With general availability of Windows Server 2008 Microsoft ships the beta 1 release of Windows Virtualization or Hyper-V (aka. Viridian).
Customers, partners, developers, IT Professionals, everyone buying a copy of Windows Server 2008 will have the opportunity to test drive the Microsoft hypervisor Hyper-V.
The version of Hyper-V included in the RTM build of Windows Server 2008 is identical to the build made available as part of the RC1 release of the server OS. The final release of Hyper-V will be available with 180 days from now. Microsoft’s hypervisor will only be available for x64 hardware platforms supporting hardware virtualization (Intel VT or AMD-V technologies). It will not be available for IA64 (Itanium) platforms. See resources for more information or here for general information about virtualization.
Hyper-V is still in beta.

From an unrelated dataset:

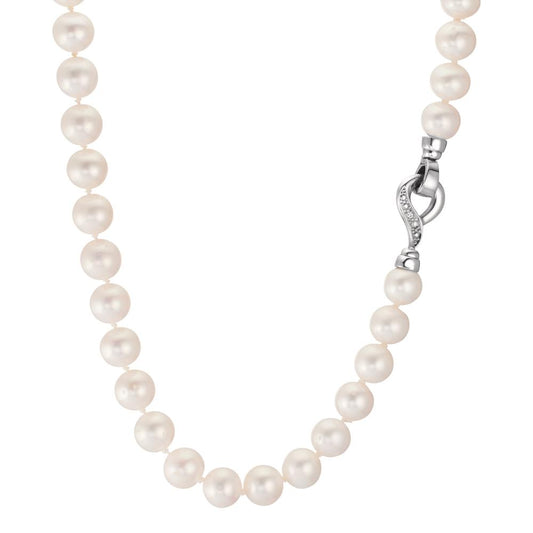 Collana Oro bianco 750/18 carati Diamante 0.02 ct, 2 pietra, w-si Perla coltivata d'acqua dolce bianco, 7.5 mm 50 cm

Support for Hyper-V is only available via online forums and newsgroups. See resources section.
The beta release of Hyper-V has limited guest operating support:
Windows Server 2008 32-bit and 64-bit (x64)

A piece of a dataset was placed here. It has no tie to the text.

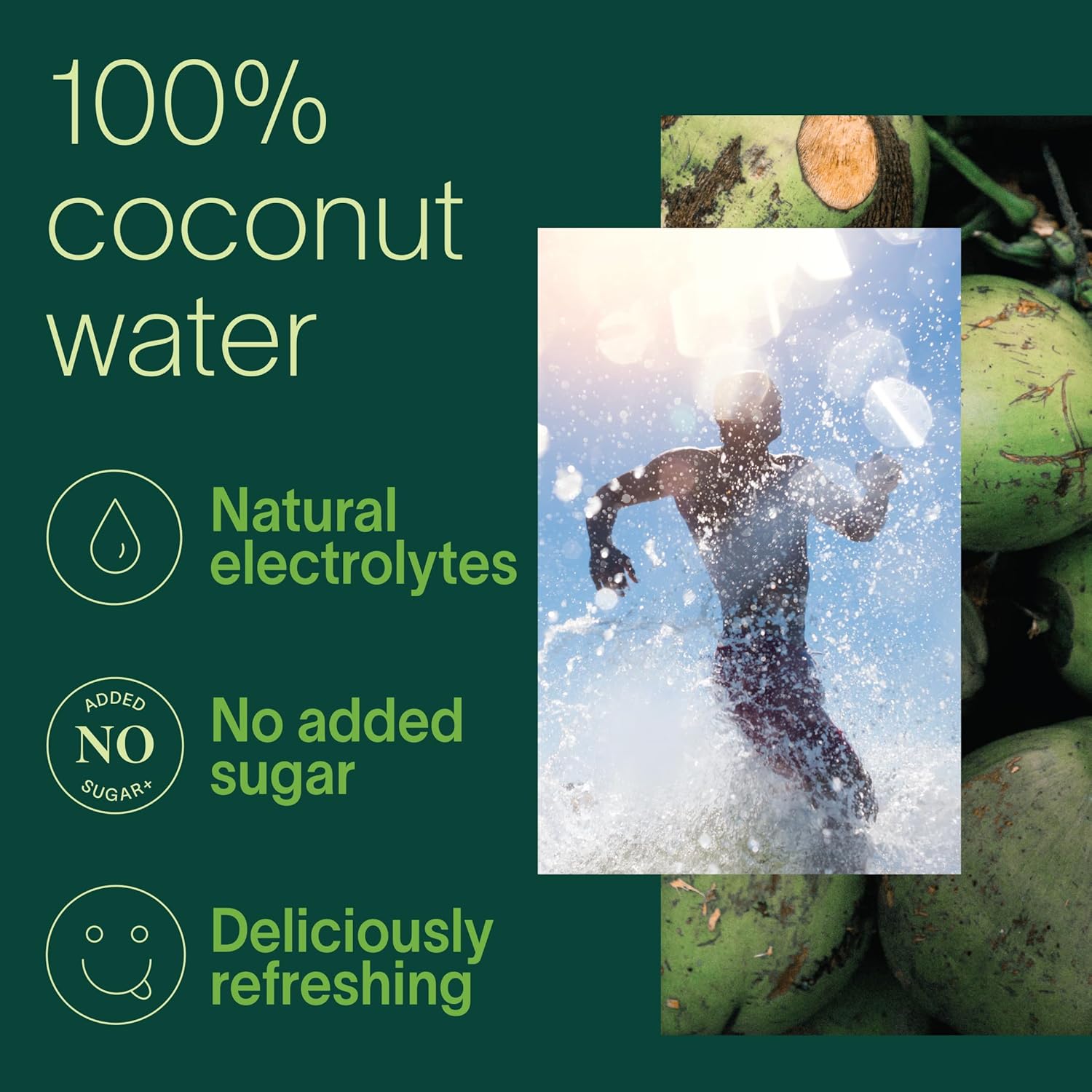 Zico 100% Coconut Water,No added Sugar,Refreshingly Delicious,Hydration with Electrolytes,33.8 Fl Oz,(Pack of 8)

Windows Server 2003 32-bit and 64-bit (x64)
SUSE LINUX Enterprise Server 10 with SP1
Other OS installations might run as well but are not “supported” in the beta. The full list of supported operating systems in will be announced prior to RTM.
Virtualization solutions from Microsoft are:
Presentation Virtualization via Terminal Services
Application Virtualization via SoftGrid
Hyper-V Server Virtualization
The Virtual Server product will continue to be available. Hyper-V is only supported on 64-bit platforms, Virtual Server is the Microsoft offering for 32-bit platforms and other systems not providing the necessary hardware infrastructure for Hyper-V.
How does the general availability Hyper-V beta impact IT PROs? For some of the partners this is the first time they will be exposed to Hyper-V. They may be experienced with Virtual Server and/or Virtual PC. Hyper-V is a novel concept: a layer between the hardware and a variety of operating systems handling scheduling and memory allocation (amongst other things). It is the foundation of a dynamic infrastructure, making resource optimization and re-configuration far simpler than before and simplifying operations. Depending on the type of application there might be areas where its performance might be impacted. Heavily I/O bound and graphics-intensive applications are among those. Deciding where, what and how to virtualize infrastructure requires careful thought. Our Infrastructure Planning and Design series of documents will help guide that process.